Assisted 3D endoscopy

As shown in numerous publications, studies and position papers [VDE/DGBMT], assistive technologies are becoming increasingly important in medicine and surgery. 3D endoscopy, which is already available on the market with a few products, is one of these technologies that enables surgeons to optimize the handling of instruments through three-dimensional vision. However, the focus of current research groups goes beyond pure 3D visualization [DRL: Medical Assistance Systems, TU Munich: SFB 453 Realistic Telepresence and Teleaction]. Future systems will support the surgeon with targeted additional computer-aided information or even take over (semi-) autonomous subtasks, either to relieve the surgeon of routine work or to carry out more precise manipulations. This development step represents the transition from pure visualization to surgical robotics.

One of the prerequisites for such innovative assistance systems is the exact spatial measurement of the working area of the endoscope, e.g. in the abdominal cavity. This includes vessels, organs, pathological changes/objects or even medical instruments. In principle, however, the 3D endoscope can not only provide stereoscopic depth perception for the surgeon. With the help of stereo image processing methods, as already established in everyday industrial use, the third dimension can be reconstructed from the image data of the two optics of the 3D endoscope (the stereo camera). This enables the endoscope to be extended as a measuring instrument for the spatial position of object points. Initial research approaches to 3D reconstruction [FH Reutlingen/IFA: Measuring 3D endoscope] and the associated assistance systems already exist, but marketable realizations and products in the medical environment are still a long way off. Considerable research efforts are still required in this area, and the research project described here is intended to contribute to this. However, the performance of current embedded processors promises a real-time capable implementation of live stereo image processing and thus the feasibility of medical products.

The subject of the planned research activities is on the one hand real-time capable 3D reconstruction in endoscopic image data from the point of view of future assistance systems. In addition to the development methodology and the algorithms for (stereo) image processing, the implementation of the processes on product-related hardware (embedded processors) also plays a role in applied research in order to be able to demonstrate prototype maturity. There is still a great need for research and development in this area. Two applications are described below as examples.

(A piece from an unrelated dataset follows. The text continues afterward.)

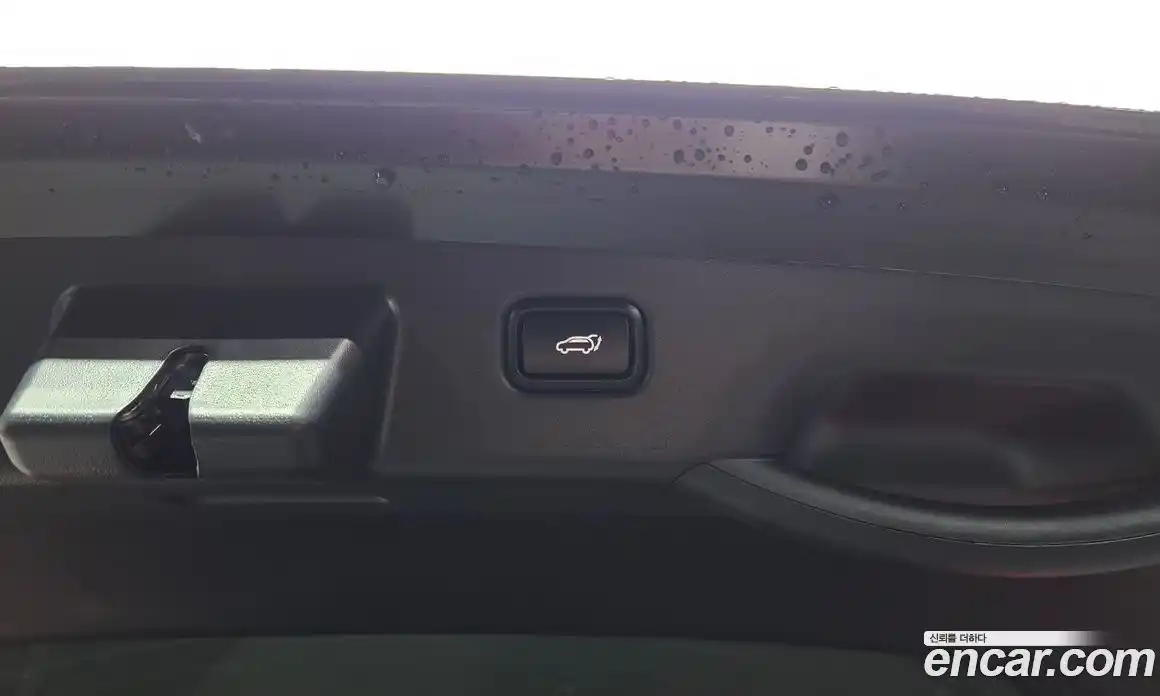 Kia Niro 2025 1.6 гидро в Москве № 1342499, фото 26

One possible assistance function is the superimposition (augmentation/overlay) of the 3D image with additional virtual information. This can be, for example, preoperative data from other diagnostic examinations, such as the measurement of vessels and tissue structures, organs or objects/anomalies to be localized using US/CT. The additional information provided is used for orientation and navigation of the endoscope and instruments and can thus also help to avoid injury to sensitive organ structures such as nerves and blood vessels. If, in another case, the optical visibility is impaired by opacities, the 3D model calculated by the computer can be used to generate a representation for the surgeon, which in some cases contains virtual objects. In aviation, this would be the equivalent of flying blind with navigation aids. However, additional information must certainly always be selected and presented in such a way that the surgeon is not overloaded with it.
Surgical interventions through the smallest openings in the body place very high demands on the surgeon's skill in handling the instruments. Before the introduction of 3D endoscopy, this favoured the development of innovative robot-assisted systems, which aim to automatically control/navigate and stabilize the intracorporeal alignment of the endoscope and instruments in the working space. In this application example, the focus is on position and attitude control, which in turn requires accurate 3D reconstruction via the measuring 3D endoscope and downstream stereo signal processing.